A forma comercial da gravidez por substituição perfaz 98% dos casos em todo o mundo. Os EUA são o país mais caro, mas também o que mais garantias oferece. Tudo ali é regulado. No entanto, inclusive num país rico, com um sólido sistema jurídico, grupos feministas denunciam a vulnerabilidade das mulheres. Kelly Martinez, uma padeira norte-americana de 32 anos, deu à luz oito bebês. Três são dela e os outros cinco foram concebidos com barriga de aluguel. “Queria ajudar outras pessoas sabendo que esse milagre acontece graças a mim”, explica pelo telefone. “Nas primeiras vezes, trabalhei com casais fantásticos.”

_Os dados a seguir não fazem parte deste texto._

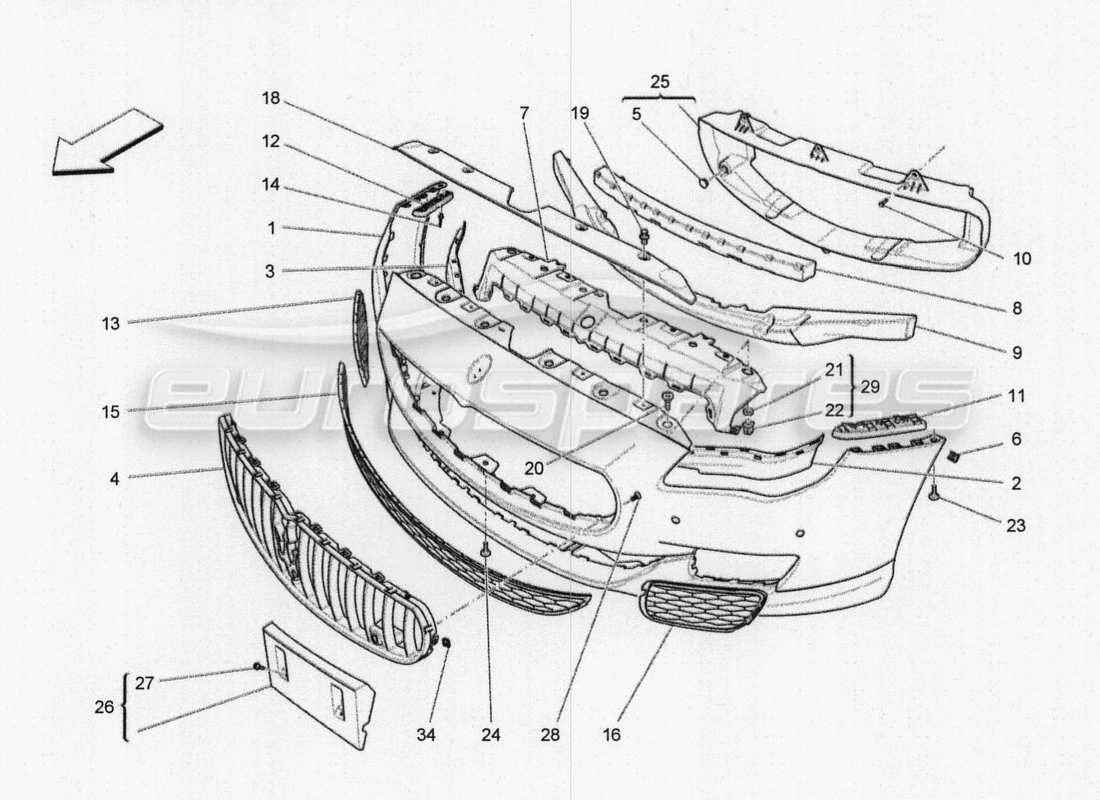 maserati qtp. v8 3.8 530bhp 2014 auto front bumper part diagram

A terceira e última gestação foi para um casal de espanhóis. Sua voz muda quando relata a história. Tudo estava indo bem, até que os espanhóis descobriram que, “em vez de menino e menina como queriam, eram dois meninos”, diz. “Começaram a me tratar de um jeito diferente. Deixaram de perguntar como estava, então comecei a me preocupar com os bebês. Ainda fico muito triste e me arrependo de ter feito”, afirma. O parto aconteceu antes do previsto. Kelly teve pré-eclâmpsia, uma complicação séria da gravidez. “O médico disse que era preciso tirá-los antes. Do contrário, alguém — os meninos ou eu — não conseguiria sair desta.” Os pais, diz ela, a acusaram de querer acelerar o parto para receber o pagamento antes. “Quando vi como o homem ficou quando soube que eram dois meninos, tive medo de que não os quisessem e não viriam buscá-los. Foi muito duro não saber se os bebês estariam bem. Não tive mais notícia deles.”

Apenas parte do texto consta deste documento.